Peter Onyango Nyabongo v Citadelle Security Limited [2015] KEELRC 1299 (KLR)
Full Case Text
REPUBLIC OF KENYA
IN THE EMPLOYMENT AND LABOUR RELATIONS COURT AT NAKURU
CAUSE NO. 249 OF 2014
PETER ONYANGO NYABONGO CLAIMANT
V
CITADELLE SECURITY LIMITED RESPONDENT
JUDGMENT
Peter Onyango Nyabongo (Claimant) was dismissed from his employment as a guard with Citadelle Security Ltd (Respondent) through a letter dated 21 February 2013.
The Claimant was aggrieved and on 26 June 2014, he filed a Memorandum of Claim in Court stating the issue in dispute as unfair terminationand seeking wages for day worked up to dismissal, one month pay in lieu of notice, pro rata leave, service gratuity, compensation for unfair termination, refund of National Social Security Fund deductions, refund of uniform deposit and overtime.
The Respondent filed a Response on 14 August 2014 and on 2 October 2014, the Claimant filed a Reply to Response.
The Cause was heard on 2 February 2015, and the Respondent filed its submissions on 11 March 2015 (the Claimant filed his submissions on 16 March 2015, and sent a letter through the Deputy Registrar attempting to explain the late filing).
After considering the pleadings, documents produced, testimonies by witnesses and the submissions, the Court has identified the issues for determination as, whether the Claimant was employed by the Respondent and from when, whether the dismissal of the Claimant was unfair and appropriate remedies.
Whether Claimant was employed by Respondent and from when
The Respondent in its pleadings denied that the Claimant was its employee.
The Claimant had contended that he had been employed by the Respondent as a security guard in August 2010.
The Respondent’s Operations Manager admitted during testimony that the Claimant was an employee of the Respondent at its Nakuru branch but asserted that the relationship commenced in September 2010.
The Respondent had also issued a to whom it may concern letter to the Claimant indicating that he was its employee.
Under section 10 of the Employment Act, 2007, the employer should issue to an employee a written contract with certain prescribed particulars including the date of commencement of employment.
The Respondent did not comply with the law in this regard. Considering the failure, the Court accepts the Claimant’s contention that he was employed with effect from August 2010 as a guard.
The Court wishes to observe that parties should not just plead and or deny facts for the sake of it.
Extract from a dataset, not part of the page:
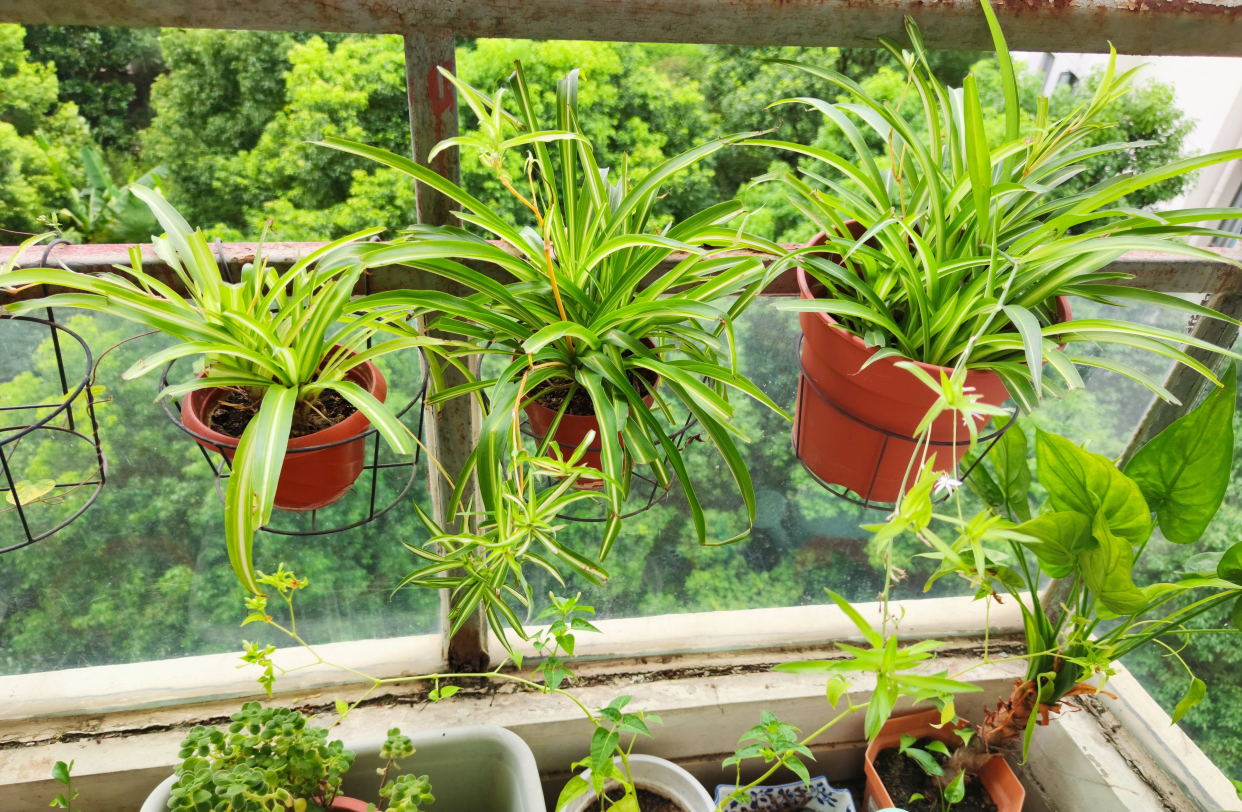 适合室内养的植物（3种“绿植”养室内，好养好打理，净化空气又耐阴，健康相伴）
Such practice will only increase the time used to hear cases and costs.
Whether dismissal was unfair
Procedural fairness
A hearing should precede a decision to terminate the contract of employment. That is the import of section 41 of the Employment Act, 2007.
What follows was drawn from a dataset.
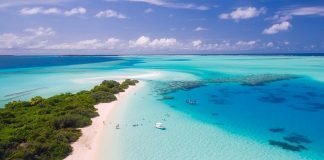 Top Tips for a Healthy Summer Vacation at the Beach
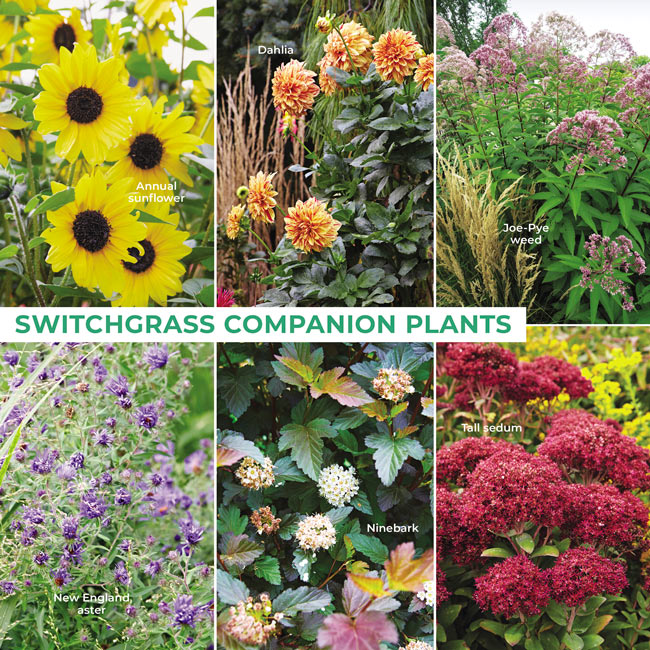 Switchgrass companion plants: Try these colorful companion plants for switchgrass.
The Claimant was dismissed through a letter dated 21 February 2013. His case is that he was not accorded a fair hearing.
In examination in chief, he stated that on 28 February 2013, he was on duty at Erek Plaza when a Manager called Chesebe who was accompanied by an instructor Ochola and a Mbugua came calling.
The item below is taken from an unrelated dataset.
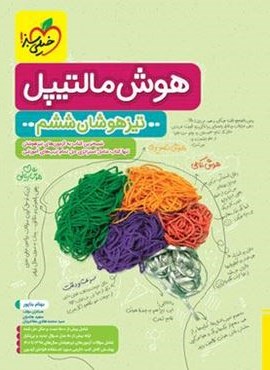 هوش مالتیپل تیزهوشان ششم (خیلی سبز) 1404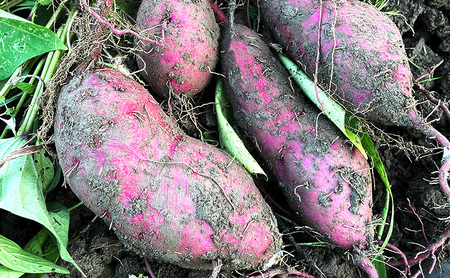 紅はるか 3kg サツマイモ 【11月以降順次発送】 　さつまいも 芋 京都府 南丹市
The 3 gentlemen went to an adjacent office and after sometime called him and gave him a letter dated 21 February 2013 to sign. It was a dismissal letter.
The Claimant stated that he was not given any show cause letter or notice prior to dismissal.
For the Respondent, who has the statutory duty to show it complied with the procedural fairness requirements of section 41 of the Employment Act, 2007, the Operations Manager stated that the Claimant had many complaints against him and that he (witness) raised the concerns with him on the phone.
He also stated that he travelled to Nakuru around November/December 2012 and he had discussions with the Claimant after which the Claimant was summoned to Respondent’s office in Nairobi and he met with the General Manager and Training Officer.
The Claimant was asked to give a written explanation on issues raised but declined.
The Claimant was again summoned to appear before the Respondent’s Administrator after some guardettes started complaining but he failed to turn up and was ultimately dismissed.
He further stated that after the dismissal, the Claimant wrote a letter dated 7 March 2013 to the Respondent seeking for forgiveness and asking to be given another chance.
The witness acknowledged that the Claimant was not given notice of termination of services.
It is now widely accepted that the hearing contemplated by section 41 of the Employment Act, 2007 can be conducted through correspondence or verbally. The process does not require an employer to hold a mini-court.
But a prudent employer with many employees is well advised to reduce into writing what transpired (employers with over 50 employees must have a written disciplinary policy).
Where the hearing is conducted verbally, the employer should at least answer the What, Who, When and How questions to demonstrate it complied.
The What question relates to the particulars of charges brought to the attention of the employee. The Whopart of the equation relates to who heard the representations made by the employee, in short, who was present. The When question will address where and the date when the hearing took place.
When an employer grants a hearing to an employee, it is a fact which should be easy to prove. The evidence in that respect should be precise and concise.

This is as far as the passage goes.